ベトナムはメコンデルタ地帯の暮らしの一部が紹介されていた。
循環型農業のこれからを模索して、20代の若者が以前ホームステイしていたお家を再訪した様子。
バイク二台がすれ違えるくらいの踏み固められた土の道。行商は舟。川べりに魚を取る仕掛け網やら風の力で種籾をより分けるおばちゃんやら、暮らしと自然が当たり前に一体化してる。

田作りの風景が全く違っていて、驚いた。
こっちは、育てた苗を泥田に植える。
子どもの頃、家族や親戚で一列に並んで植えて、苗の列を真っ直ぐに揃えるのに糸を張っていたような記憶がある。(今は田んぼの端っこ以外ほとんど機械だけど。)
そこでは、田んぼに種籾をじかに手作業で撒く。引いて転がせば種籾が4〜5列ほど真っ直ぐに穴から落ちる道具も使って、楽々と泥田に撒いていく。
…まず機械なくても出来ることにびっくりした。

一番驚いたのが、米で三期作していること。
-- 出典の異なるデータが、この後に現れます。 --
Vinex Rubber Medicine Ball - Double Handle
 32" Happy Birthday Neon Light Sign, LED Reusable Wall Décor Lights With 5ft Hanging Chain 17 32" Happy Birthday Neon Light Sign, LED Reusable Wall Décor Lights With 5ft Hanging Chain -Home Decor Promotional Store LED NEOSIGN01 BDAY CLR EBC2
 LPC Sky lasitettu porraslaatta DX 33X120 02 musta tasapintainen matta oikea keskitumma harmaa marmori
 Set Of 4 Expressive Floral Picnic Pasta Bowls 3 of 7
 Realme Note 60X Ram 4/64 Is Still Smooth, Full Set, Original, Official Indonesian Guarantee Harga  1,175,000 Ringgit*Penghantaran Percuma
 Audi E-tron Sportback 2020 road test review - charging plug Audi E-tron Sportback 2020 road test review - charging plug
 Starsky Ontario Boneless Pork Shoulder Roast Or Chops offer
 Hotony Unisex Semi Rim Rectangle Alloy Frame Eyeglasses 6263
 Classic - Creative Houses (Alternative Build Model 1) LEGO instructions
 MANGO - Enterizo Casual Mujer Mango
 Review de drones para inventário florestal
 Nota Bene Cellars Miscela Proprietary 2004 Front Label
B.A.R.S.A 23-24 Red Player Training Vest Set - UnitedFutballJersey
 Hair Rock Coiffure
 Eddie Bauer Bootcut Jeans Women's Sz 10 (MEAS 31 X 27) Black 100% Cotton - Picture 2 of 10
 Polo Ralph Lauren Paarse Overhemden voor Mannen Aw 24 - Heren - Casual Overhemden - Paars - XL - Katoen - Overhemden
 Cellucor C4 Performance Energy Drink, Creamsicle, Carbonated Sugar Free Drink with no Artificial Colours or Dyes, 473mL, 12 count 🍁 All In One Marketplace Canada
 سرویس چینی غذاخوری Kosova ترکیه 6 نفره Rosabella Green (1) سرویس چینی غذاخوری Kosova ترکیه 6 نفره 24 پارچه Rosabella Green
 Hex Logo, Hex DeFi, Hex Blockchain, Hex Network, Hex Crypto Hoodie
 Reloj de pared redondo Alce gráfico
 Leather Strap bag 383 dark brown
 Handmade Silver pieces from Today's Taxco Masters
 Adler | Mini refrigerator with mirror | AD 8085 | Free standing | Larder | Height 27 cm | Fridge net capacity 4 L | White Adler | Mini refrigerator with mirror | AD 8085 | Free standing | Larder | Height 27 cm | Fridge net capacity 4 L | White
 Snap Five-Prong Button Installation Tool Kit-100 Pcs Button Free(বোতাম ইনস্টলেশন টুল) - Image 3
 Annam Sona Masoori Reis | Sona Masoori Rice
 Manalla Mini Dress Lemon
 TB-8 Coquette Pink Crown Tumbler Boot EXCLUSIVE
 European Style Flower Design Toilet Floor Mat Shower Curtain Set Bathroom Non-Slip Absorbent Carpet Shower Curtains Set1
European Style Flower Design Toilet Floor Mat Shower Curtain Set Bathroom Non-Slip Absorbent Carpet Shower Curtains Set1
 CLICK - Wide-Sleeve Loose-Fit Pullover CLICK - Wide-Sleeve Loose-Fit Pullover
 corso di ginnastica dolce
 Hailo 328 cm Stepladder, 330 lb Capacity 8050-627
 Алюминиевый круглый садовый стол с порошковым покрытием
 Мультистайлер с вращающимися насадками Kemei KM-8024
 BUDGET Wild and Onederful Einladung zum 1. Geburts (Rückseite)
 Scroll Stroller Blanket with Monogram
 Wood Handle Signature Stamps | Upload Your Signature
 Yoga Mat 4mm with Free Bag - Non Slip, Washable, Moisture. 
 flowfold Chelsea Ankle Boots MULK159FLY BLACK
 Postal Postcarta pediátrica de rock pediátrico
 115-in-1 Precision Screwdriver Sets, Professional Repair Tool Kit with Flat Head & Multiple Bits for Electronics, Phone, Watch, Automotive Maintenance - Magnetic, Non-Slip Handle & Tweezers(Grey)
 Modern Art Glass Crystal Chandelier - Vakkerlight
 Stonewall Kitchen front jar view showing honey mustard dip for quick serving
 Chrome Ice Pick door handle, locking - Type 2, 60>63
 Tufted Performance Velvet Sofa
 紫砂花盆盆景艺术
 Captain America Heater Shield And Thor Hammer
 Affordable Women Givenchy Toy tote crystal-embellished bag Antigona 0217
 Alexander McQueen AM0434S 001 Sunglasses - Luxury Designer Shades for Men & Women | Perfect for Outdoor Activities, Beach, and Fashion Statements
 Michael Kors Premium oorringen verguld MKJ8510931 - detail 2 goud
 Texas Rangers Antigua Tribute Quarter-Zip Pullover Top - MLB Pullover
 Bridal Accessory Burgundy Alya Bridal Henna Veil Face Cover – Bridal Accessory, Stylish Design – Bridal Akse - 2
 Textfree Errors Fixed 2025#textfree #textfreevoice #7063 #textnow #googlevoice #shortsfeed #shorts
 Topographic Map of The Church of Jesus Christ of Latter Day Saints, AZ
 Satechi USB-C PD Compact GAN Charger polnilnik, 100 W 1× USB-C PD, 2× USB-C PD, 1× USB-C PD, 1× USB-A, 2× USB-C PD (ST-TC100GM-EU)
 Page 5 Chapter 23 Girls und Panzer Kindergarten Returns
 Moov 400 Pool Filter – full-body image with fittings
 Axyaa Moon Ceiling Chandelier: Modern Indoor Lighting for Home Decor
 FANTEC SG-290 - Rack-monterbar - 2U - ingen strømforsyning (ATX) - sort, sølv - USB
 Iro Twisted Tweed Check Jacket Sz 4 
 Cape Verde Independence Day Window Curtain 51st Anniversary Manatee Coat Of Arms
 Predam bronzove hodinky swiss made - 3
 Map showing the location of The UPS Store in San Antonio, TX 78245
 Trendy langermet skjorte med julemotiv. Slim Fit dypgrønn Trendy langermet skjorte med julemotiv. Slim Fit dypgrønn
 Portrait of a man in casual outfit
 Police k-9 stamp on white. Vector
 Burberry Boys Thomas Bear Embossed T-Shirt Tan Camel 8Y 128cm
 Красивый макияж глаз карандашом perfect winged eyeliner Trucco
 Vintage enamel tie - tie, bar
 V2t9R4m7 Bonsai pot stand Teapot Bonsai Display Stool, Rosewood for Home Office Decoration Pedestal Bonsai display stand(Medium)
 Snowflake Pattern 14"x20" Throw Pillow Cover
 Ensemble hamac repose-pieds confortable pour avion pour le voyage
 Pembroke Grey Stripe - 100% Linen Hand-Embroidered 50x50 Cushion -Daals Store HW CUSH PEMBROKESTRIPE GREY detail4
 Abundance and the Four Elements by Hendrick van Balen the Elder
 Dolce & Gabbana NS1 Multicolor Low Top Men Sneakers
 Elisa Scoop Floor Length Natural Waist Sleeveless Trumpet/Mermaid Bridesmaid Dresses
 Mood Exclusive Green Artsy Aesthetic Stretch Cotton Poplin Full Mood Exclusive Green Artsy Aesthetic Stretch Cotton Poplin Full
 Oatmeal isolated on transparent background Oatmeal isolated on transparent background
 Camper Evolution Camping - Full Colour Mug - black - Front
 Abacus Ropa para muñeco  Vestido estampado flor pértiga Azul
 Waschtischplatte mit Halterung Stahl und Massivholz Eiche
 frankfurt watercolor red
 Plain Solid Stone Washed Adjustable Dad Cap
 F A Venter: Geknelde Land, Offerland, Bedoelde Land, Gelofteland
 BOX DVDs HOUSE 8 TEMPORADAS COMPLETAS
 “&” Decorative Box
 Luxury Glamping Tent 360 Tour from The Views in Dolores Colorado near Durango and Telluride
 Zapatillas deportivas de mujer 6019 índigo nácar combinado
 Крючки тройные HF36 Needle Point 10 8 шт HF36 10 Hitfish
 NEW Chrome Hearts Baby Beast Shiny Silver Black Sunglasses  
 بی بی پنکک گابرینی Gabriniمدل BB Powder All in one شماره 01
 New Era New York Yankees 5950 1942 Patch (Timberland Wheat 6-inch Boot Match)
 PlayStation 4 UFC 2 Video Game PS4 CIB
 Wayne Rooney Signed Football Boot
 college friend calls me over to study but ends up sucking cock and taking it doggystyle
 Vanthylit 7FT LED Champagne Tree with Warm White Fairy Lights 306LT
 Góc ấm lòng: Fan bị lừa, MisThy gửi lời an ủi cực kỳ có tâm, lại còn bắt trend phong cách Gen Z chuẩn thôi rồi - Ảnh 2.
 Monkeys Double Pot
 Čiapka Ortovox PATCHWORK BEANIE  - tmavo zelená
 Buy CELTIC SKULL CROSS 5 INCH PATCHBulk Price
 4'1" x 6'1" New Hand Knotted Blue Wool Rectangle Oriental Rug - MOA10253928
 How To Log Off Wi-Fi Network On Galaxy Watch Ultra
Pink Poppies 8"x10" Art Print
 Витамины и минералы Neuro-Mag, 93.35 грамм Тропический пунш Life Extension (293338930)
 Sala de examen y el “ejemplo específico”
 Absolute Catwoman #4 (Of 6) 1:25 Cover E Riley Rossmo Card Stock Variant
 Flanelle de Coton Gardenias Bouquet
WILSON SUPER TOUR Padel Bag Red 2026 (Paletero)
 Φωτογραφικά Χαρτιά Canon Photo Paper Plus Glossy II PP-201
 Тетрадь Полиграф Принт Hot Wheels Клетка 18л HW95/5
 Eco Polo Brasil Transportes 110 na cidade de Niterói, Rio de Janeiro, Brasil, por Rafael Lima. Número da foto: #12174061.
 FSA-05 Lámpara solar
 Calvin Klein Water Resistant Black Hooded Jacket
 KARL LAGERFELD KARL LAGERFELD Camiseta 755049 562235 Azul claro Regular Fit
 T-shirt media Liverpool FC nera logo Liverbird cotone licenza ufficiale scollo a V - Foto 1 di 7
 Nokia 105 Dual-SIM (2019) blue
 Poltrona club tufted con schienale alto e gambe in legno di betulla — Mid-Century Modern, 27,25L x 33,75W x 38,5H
(…改良されたハイブリッド種だろう。)
一期で20万円位の稼ぎになるそうで、おかげで子どもたちを学校に行かせられると、お父さんは話していた。
また高校生の息子が当たり前のようによく働く。
家のそばの池に網を投げ、魚の大きいのだけ売る。籾米を50キロ単位で袋詰めして、運ぶ。
80過ぎのおばあちゃんは、魚を捌いたり、小さいのを池に戻したりしていた。
大人子ども関係なく、出来ることで暮らしを担う家族の生活の豊かさにうたれた。

鶏はほぼ放し飼い、豚は小屋の中で1日4回ホースで洗われ、糞尿はこまめに小さな水路から池に流され、魚の餌のプランクトンを育てる。
米のとぎ汁も豚や鶏の餌に混ぜられる。
無駄がない。

なんというか、何かするとすぐゴミが出る、私らの暮らしとのギャップにのたうった。
すすんで家の手伝いをしましょうとか、PTAとか頑張らなくてもいいのだな。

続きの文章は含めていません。